Kirishima znów się wzdryga. Tak, zdecydowanie minie sporo czasu, zanim usunie ten widok ze swojej pamięci.
Asami obserwuje swojego zastępcę znad dokumentów, które właśnie przegląda. Uśmiecha się pod nosem, gdy dostrzega dreszcz wstrząsający Kirishimą. Doskonale wie, o czym jego sekretarz myśli. I jakie emocje to w nim wywołuje. I wewnętrzny sadysta w Asamim uśmiecha się diabolicznie.

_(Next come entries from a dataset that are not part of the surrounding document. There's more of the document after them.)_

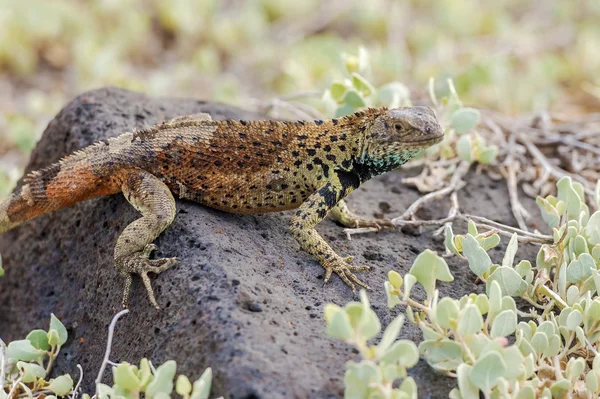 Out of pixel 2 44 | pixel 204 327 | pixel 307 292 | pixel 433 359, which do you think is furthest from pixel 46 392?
pixel 2 44

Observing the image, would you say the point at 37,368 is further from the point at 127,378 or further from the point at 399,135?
the point at 399,135

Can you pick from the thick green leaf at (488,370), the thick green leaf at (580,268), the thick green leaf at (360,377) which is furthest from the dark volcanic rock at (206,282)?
the thick green leaf at (580,268)

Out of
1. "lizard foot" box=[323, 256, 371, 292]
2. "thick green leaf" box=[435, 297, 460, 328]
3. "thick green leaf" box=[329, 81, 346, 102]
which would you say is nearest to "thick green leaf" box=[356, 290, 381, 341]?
"thick green leaf" box=[435, 297, 460, 328]

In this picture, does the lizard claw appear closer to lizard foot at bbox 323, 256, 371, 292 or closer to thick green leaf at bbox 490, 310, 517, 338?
lizard foot at bbox 323, 256, 371, 292

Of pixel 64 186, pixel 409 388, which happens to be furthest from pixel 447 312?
pixel 64 186

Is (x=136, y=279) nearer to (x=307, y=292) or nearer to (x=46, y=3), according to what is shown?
(x=307, y=292)
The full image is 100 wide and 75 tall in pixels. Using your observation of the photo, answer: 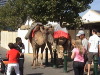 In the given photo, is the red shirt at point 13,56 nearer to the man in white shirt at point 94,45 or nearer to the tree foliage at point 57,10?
the man in white shirt at point 94,45

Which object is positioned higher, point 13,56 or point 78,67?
point 13,56

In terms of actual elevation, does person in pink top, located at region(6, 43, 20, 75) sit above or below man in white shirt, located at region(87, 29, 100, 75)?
below

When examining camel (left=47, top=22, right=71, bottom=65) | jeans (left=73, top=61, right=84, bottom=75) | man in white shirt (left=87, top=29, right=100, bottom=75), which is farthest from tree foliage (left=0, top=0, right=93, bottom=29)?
jeans (left=73, top=61, right=84, bottom=75)

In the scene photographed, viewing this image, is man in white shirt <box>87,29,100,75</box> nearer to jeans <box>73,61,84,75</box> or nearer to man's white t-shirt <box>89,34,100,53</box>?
man's white t-shirt <box>89,34,100,53</box>

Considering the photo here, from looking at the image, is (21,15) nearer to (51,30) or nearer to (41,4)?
(41,4)

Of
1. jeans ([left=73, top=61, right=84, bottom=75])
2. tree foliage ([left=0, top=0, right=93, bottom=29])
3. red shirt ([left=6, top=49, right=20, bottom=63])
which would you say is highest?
tree foliage ([left=0, top=0, right=93, bottom=29])

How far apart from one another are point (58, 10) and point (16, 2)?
53.8 ft

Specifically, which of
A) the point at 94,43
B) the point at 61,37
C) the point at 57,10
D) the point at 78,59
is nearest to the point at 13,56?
the point at 78,59

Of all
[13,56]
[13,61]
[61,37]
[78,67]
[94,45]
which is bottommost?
[78,67]

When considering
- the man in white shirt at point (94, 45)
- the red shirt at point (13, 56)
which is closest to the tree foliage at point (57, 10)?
the man in white shirt at point (94, 45)

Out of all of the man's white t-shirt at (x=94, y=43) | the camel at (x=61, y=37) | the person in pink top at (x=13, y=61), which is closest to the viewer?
the person in pink top at (x=13, y=61)

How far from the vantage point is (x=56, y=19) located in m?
20.4

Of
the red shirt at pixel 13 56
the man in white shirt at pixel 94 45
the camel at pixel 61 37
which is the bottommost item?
the red shirt at pixel 13 56

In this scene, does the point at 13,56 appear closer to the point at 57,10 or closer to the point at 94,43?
the point at 94,43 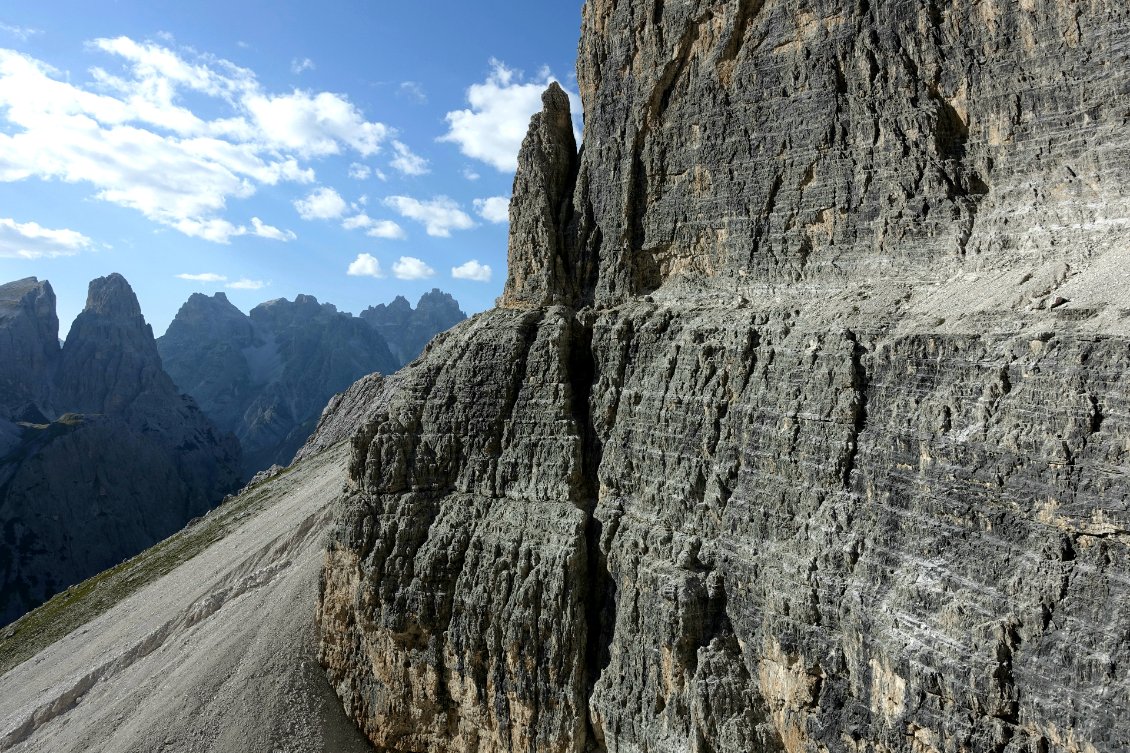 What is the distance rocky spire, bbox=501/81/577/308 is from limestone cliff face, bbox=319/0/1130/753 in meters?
0.23

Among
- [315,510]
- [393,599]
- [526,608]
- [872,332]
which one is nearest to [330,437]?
[315,510]

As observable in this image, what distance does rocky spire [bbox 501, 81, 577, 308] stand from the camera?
35.4 m

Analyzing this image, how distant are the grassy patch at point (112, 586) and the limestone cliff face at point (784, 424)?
4704 cm

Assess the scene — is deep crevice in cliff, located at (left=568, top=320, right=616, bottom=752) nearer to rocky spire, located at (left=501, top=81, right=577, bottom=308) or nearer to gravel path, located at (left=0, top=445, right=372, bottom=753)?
rocky spire, located at (left=501, top=81, right=577, bottom=308)

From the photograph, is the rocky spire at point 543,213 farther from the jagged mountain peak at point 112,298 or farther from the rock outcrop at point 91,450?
the jagged mountain peak at point 112,298

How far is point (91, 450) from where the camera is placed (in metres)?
131

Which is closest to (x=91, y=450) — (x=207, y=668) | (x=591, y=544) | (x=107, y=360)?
(x=107, y=360)

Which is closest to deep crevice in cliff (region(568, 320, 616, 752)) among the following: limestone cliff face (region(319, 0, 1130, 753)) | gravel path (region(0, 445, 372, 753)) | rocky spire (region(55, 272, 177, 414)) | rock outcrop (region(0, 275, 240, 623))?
limestone cliff face (region(319, 0, 1130, 753))

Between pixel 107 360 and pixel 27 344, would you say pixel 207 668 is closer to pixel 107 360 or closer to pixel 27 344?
pixel 107 360

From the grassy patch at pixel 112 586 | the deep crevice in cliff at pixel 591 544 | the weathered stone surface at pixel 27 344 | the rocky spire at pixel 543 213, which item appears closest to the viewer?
the deep crevice in cliff at pixel 591 544

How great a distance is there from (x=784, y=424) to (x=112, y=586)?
79.6 m

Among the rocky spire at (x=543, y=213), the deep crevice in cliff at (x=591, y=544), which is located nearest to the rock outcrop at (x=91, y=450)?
the rocky spire at (x=543, y=213)

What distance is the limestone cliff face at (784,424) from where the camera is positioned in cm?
1773

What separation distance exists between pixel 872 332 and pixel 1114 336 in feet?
21.6
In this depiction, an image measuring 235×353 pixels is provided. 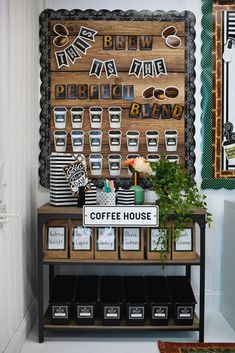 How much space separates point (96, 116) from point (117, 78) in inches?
13.2

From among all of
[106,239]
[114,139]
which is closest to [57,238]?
[106,239]

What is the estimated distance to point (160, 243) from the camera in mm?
3193

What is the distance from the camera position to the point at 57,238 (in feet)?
10.5

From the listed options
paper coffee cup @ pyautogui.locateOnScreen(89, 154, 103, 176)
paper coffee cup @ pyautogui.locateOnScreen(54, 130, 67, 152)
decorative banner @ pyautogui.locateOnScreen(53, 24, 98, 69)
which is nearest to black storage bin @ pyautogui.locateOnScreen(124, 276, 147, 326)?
paper coffee cup @ pyautogui.locateOnScreen(89, 154, 103, 176)

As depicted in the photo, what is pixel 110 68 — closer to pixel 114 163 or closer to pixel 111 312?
pixel 114 163

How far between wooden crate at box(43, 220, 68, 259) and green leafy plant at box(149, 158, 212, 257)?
639mm

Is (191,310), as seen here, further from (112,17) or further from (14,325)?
(112,17)

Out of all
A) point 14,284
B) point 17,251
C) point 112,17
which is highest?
point 112,17

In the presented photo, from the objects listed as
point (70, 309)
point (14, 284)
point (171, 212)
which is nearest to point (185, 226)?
point (171, 212)

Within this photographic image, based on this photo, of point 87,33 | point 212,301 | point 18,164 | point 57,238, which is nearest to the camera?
point 18,164

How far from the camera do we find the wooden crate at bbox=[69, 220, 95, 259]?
3.20m

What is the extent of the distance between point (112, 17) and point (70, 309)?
2172mm

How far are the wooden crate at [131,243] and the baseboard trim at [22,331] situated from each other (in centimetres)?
80

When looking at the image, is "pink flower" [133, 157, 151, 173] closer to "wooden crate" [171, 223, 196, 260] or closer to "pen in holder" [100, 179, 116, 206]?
"pen in holder" [100, 179, 116, 206]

- Kirishima, może weźmiesz dziś wolne? Zadzwoń do niej i powiedz, ze jednak możesz się spotkać- Asami uśmiecha się lekko i gestem odprawia zdębiałego Kirishimę. Jego sekretarz zastanawia się przez krótką chwilę, jakim cudem Asami wie o jego nowo poznanej dziewczynie. Nikomu o tym nie mówił. No tak, ale Asami to Asami. Nie jest szefem z przypadku. Nic się przed nim nie ukryje. Kirishima wzdycha. Może rzeczywiście to dobry pomysł. Może szybciej pozbędzie się tego widoku ze swojej głowy. Doszedłszy do tego wniosku, v-ce szef kłania się lekko i wychodzi z gabinetu przyjaciela.